Obedientes, ofrecimos los cócteles San Francisco a las primeras chicas que pasaron cerca de la barra, pero ninguna nos hizo caso. Insistimos -el pulso nos temblaba, y no de nervios, sino de simple timidez, y también porque sabíamos que estábamos haciendo algo indebido-, pero no hubo manera. Las chicas ni se dignaban mirarnos. El gordo Sánchez, al ver que la cosa no funcionaba, lo intentó con una mujer algo mayor, rubia teñida, que estaba medio borracha en una esquina. Cuando le puso el cóctel delante de las narices, sin decir nada, sin mirarla y sin hacer un solo gesto amable, la mujer tampoco quiso aceptarlo. «Invítame a un whisky, cariño -le dijo-, o si no, que sea una cerveza». El gordo Sánchez, cobarde por naturaleza, salió huyendo y se escondió detrás de nosotros. De repente, todo su prestigio se vino abajo. «¿Por qué te has rajado?», le preguntábamos. El gordo Sánchez no supo qué contestar. Cuando volvíamos a casa, caminando por la desierta avenida Joan Miró (entonces Calvo Sotelo), tuvo que confesarnos que el frasquito de yohimbina sólo contenía agua. «Y del grifo», murmuró casi sin voz. Así acabó la aventura.

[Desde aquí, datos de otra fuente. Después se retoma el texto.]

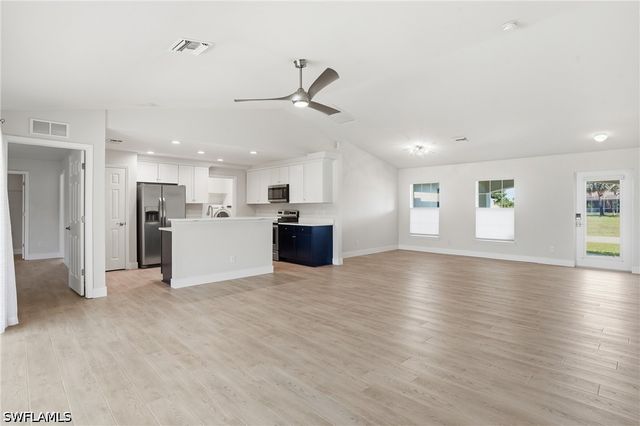 1808 SW 30th ST, Cape Coral, FL 33914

De todo eso han pasado más de cincuenta años, pero los gordos Sánchez siguen existiendo, y lo que es peor, el atavismo masculino que busca una fórmula mágica para ‘conquistar’ a las mujeres -léase conquistar como eufemismo de abusar- continúa ejerciendo el mismo efecto devastador en muchos varones jóvenes carcomidos por los complejos y por la pésima gestión de su vida sexual. Quien no es capaz de seducir por sí mismo a otra persona y deba recurrir a la yohimbina -o a lo que sea- presenta una patología muy peligrosa que roza el abuso y quizá la violación. No sé si la yohimbina sigue circulando hoy en día, pero la amable Wikipedia me acaba de comunicar que se considera un estimulante con efectos afrodisíacos y que en algunos países se usa como tratamiento de disfunciones sexuales. En la época del gordo Sánchez, muchos padres tenían que recordarles a sus hijas que no se dejaran invitar por desconocidos -o incluso por conocidos- porque les podían echar «algo» en la bebida. En los años 70 y 80, ese consejo se convirtió en un clásico de la vida familiar. Quien más, quien menos -estoy seguro- lo ha oído en su casa.

No sé si los pinchazos con jeringuillas en las discotecas tienen que ver con la antigua práctica de los gordos Sánchez y sus frasquitos de yohimbina -y con todo lo despreciable que eso representaba y representa-, pero si es así, mal vamos.